Podéis ver el interior de la balsa, yo le calculo 1 Hm3 de capacidad, y una muestra del estado del plástico impermeabilizante que debía de tener.
¿Quién será el responsable de ésta malversación de dinero público? ¿qué se podría haber hecho a cambio y que estuviese funcionando? ¿quién recoge las aceitunas? porque el árbol que se ve en primer término es un olivo y no nació ayer precisamente.
De vergüenza.

----------


## frfmfrfm

Una cicatriz en el terreno para toda la vida.
Y después ponen una sanción por cualquier tonteria.
Saludos.

----------


## Comizo

Generalmente, el material que se utiliza para impermeabilizar esas balsas es EPDM, que para mí es el mejor sin ningún tipo de dudas, también el más costoso pero el más interesante en relación calidad/precio.

 El EPDM necesita un asentamiento mecánico del terreno y unos áridos en escala sobre los que se asienta, y luego un soldado profesional y un tapado de los bordes con algunas zonas testigo para ver su evolución con los años. Al menos 30 años debería durar sin problemas si está bien ejecutado.

 Aunque yo la mejor solución que veo para éstas balsas es sin duda el hormigón con un revestimiento epoxi impermeabilizante.

Por las fotos no me parece epdm, sino una lona de peor calidad que está resquebrajada por endurecimiento, y los bordes con bastante abandono.
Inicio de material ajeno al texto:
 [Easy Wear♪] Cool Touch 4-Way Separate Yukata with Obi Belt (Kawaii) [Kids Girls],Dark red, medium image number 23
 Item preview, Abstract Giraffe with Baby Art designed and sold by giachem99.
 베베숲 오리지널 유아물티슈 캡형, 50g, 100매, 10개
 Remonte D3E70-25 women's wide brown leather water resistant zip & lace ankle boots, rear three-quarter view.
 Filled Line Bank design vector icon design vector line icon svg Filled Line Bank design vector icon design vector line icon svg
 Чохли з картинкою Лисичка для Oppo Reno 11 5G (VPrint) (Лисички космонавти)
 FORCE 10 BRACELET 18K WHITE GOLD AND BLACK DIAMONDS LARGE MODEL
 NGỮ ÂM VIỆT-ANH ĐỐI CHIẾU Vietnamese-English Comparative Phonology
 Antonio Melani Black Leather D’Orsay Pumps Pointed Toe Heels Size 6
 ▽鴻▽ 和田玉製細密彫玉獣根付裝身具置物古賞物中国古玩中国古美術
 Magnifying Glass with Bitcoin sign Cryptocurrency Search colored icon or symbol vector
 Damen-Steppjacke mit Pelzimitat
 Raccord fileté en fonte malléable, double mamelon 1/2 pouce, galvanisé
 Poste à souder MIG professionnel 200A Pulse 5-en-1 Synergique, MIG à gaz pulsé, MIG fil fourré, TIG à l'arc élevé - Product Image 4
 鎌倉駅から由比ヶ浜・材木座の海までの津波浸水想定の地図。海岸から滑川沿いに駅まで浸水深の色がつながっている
 El dinero no desaparece, sólo cambia de bolsillo. Posíblemente, como dices, hayan pillado una subvención y como han tenido que justificarla, lo han hecho con lo peor. Además si son olivos, poco futuro tienen como negocio, ya que las plantaciones de los 90 en grandes fincas al olor de las subvenciones están comenzando a estar al máximo rendimiento y hay una sobreproducción importante. Menos negocio aún ahora que se acaban las subvenciones.

----------


## perdiguera

Me refiero al árbol que ha nacido dentro de la balsa.
Si te fijas hay dos tipos de lonas una azul y otra gris, parece que ésta va por debajo de la azul.
Los campos cercanos están llenos de viña, invadiendo hasta los cauces de los barrancos con transformación del perfil longitudinal del cauce en terrazas. Vamos un control por parte del organismo competente de pena. Luego viene una lluvia torrencial del tipo gota fría y enseguida intentan conseguir zona catastrófica para volver a hacer otra barbaridad. En concreto me refiero a los barrancosde Almudéfer, de Vall de Gandesa y de la Paladella, en total casi 6 Km aterrazados.

----------


## Comizo

Efectivamente, dejadez total, no sé cuantos años tendrá el árbol, pero no parece que sea de ayer.

 La lona del otro color puede ser restos de la geotextil o la que se pone de material plástico basto para proteger la principal de las raíces.

La degradación de esas zonas sin control de las autoridades es un tema, cuanto menos, escandaloso.

----------


## Miguel Angel RB

En ningun sitio de Europa pasa esto menos aqui.
El arbol parece tener 2 años o asi

----------


## embalses al 100%

> *En ningun sitio de Europa pasa esto menos aqui.*
> El arbol parece tener 2 años o asi


Yo sigo pensando, que Europa empieza en los Pirineos. Por lo menos en algunas cosas.

----------